New Bike-n-Ride shelter at University Station to be finished by winter

Pamela Shapiro

Students can now store their bikes safely in a shelter that is only opened with a key card.

Bike-n-Ride, a project through Colorado State University and the Fort Collins Transfort bus system, is supported by a grant from the Colorado Department of Transportation, according to David Hansen, a campus landscape architect.


Construction for the new bike shelter at University Station will be finished by late November or early December and will be fully operating by January, according to Alternative Transportation Manager Aaron Fodge.

The University paid for 20 percent of the project and was granted the remaining 80 percent through the Transportation Alternatives Program, according to Fodge.

The shelter being built on campus will be located northeast of the University Station on University Avenue, according to Hansen.

There is one existing Bike-n-Ride shelter located at the South Transit Center. These bike shelters were designed so that people taking these transit routes will have somewhere to safely store their bikes until they commute to their next destination.

In order to make these shelters more beneficial for students, Hansen said he and his team are trying to find a way that Ram Cards will also work as a key card into the shelter.

“The best part is seeing this project come to fruition as part of this bigger transit initiative that we really started 10 or 12 years ago,” Hansen said. “Looking at the MAX project, that’s one piece, and now seeing that connectivity come to fruition with other amenities, and being what it is for our campus and community, is terrific.”

Emma Belmont, City of Fort Collins transit planner, said there are plans to build another shelter at the Downtown Transit Center.
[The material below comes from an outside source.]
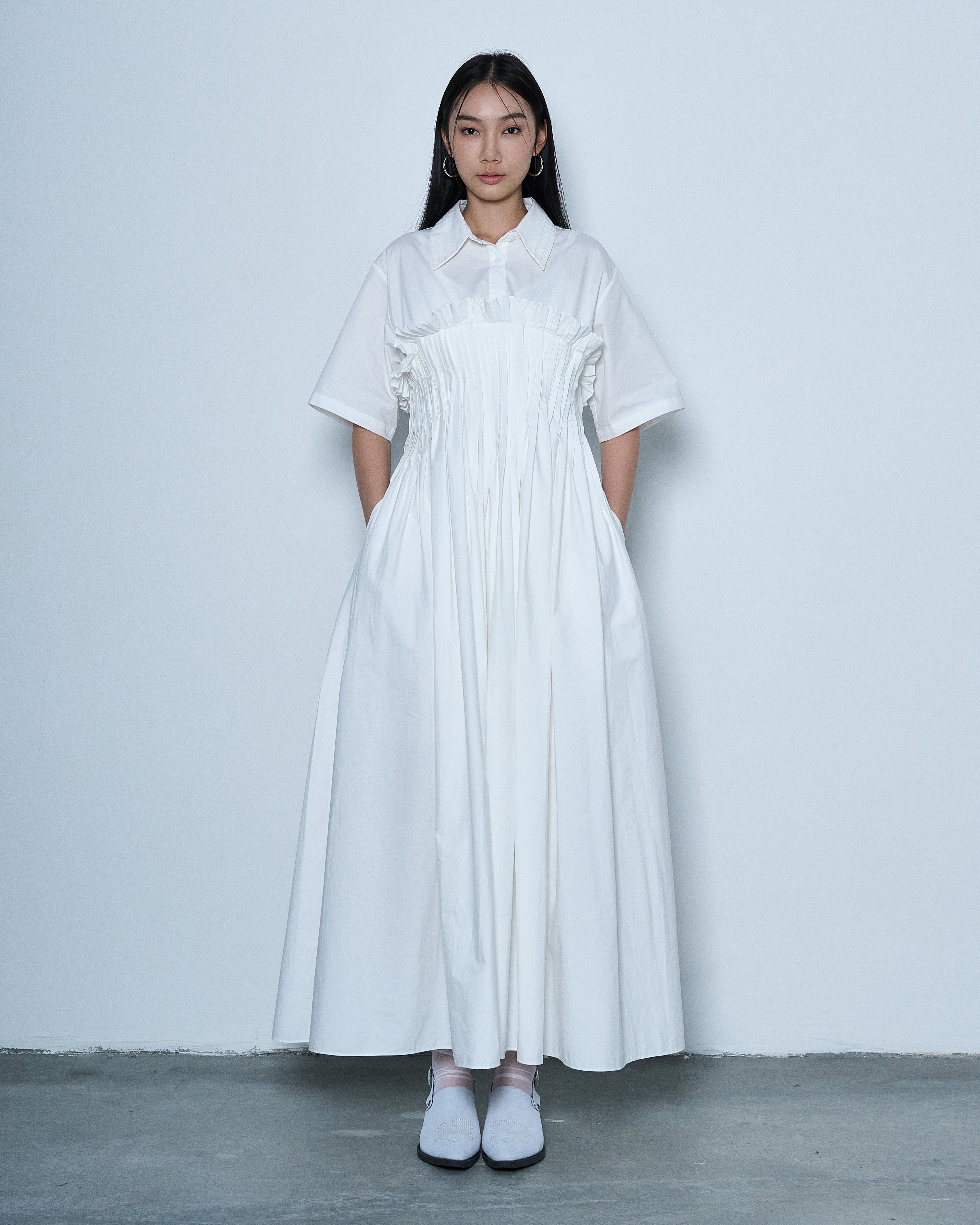 Pleated Shirt Dress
The TAP awarded money to this project, which is funded as a regional effort. She said these bike shelters improve accommodations for safe, secure, weather-proof bike storage.
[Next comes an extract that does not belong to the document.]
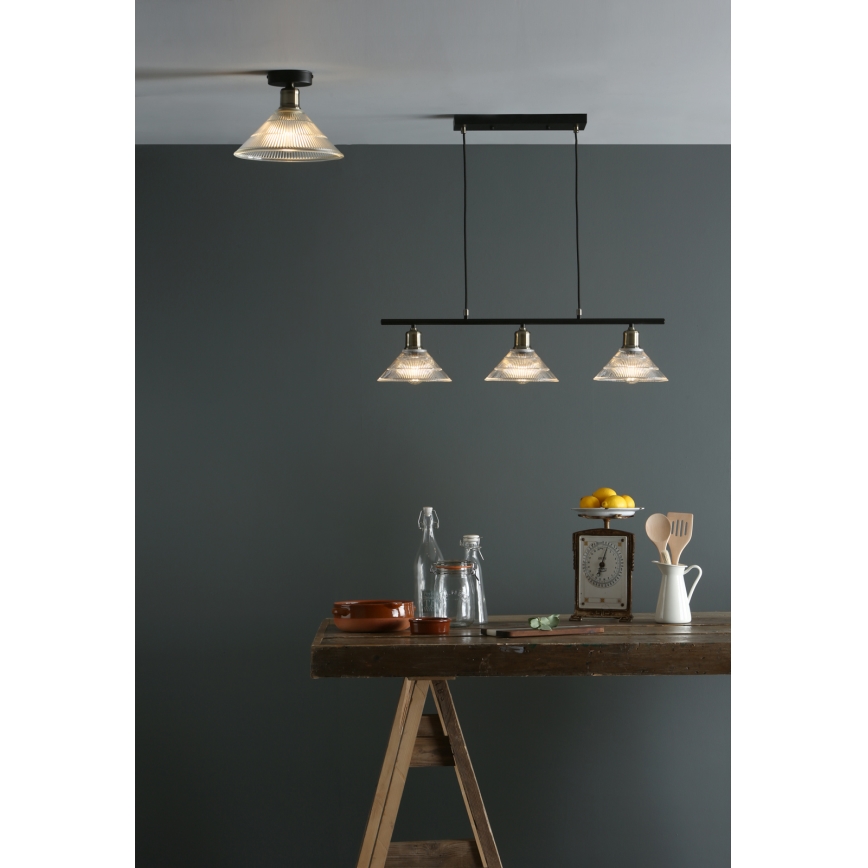 Där Lighting BOY0175 - Plafonnier BOYD 1xE27/60W/230V Ø 25 cm laiton/verre transparent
“We’ve added more bike racks at all stations and are trying to pursue bike share, which could be an additional way to accommodate bikes,” Belmont said. “We’re making strides to have regional bike shelter access that will all have the same access card, so you (could) use these bike shelters throughout the region.”
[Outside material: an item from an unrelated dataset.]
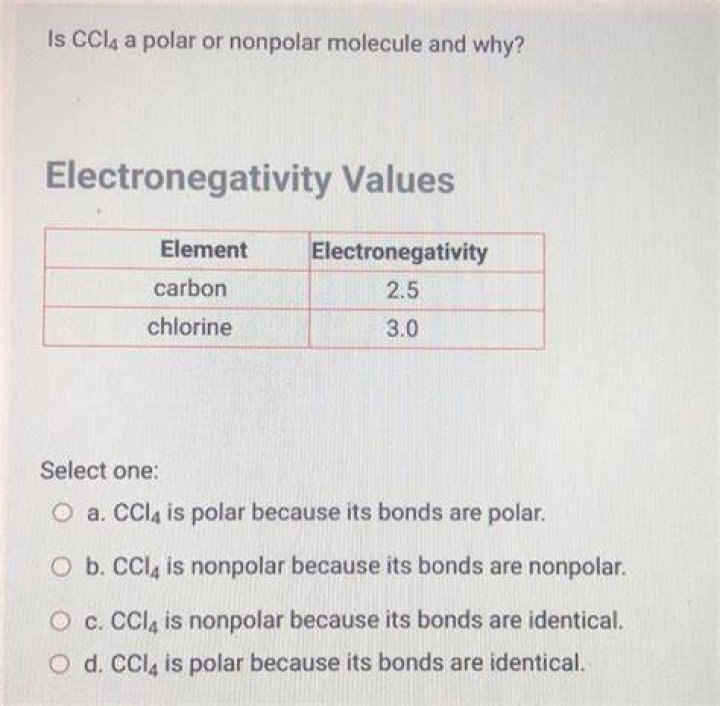Is CCl4 a polar or nonpolar molecule?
The biggest reason people do not use transit is because of the last mile connection, which means the bus will only transport riders 95 percent of the way, according to Fodge. He said walking the extra mile that the bus will not go may be too far for some residents.

“Having a bike there helps them make the decision to ride transit, especially when students and employees get a free bus pass,” Fodge said.


People will need to apply in order to use one of the 35 bike slots in the shelter, according to Fodge.

“Anybody can use it, there’s no restrictions, we might have a fee just to make sure that someone who’s using it doesn’t just store their bike there,” Fodge said. “We want people who have their bike there to have a connection from transit, and that can be a student or an employee, it doesn’t matter.”

There is a spot for another bike shelter reserved near the Prospect Station to be built near the new health center, according to Fodge.

Boulder County also received grants for these key card shelters, ranging from Longmont to Boulder, according to Fodge, who said he is thankful to the University for reserving the space for this shelter. He said he is also thankful for being credited with enough money from TAP and CDOT to make this project happen.

“The best part of this has been that we collaborated with the city and Boulder County to be awarded the grant funds for this, and to be able to provide our employees and our students another opportunity to use transit,” Fodge said.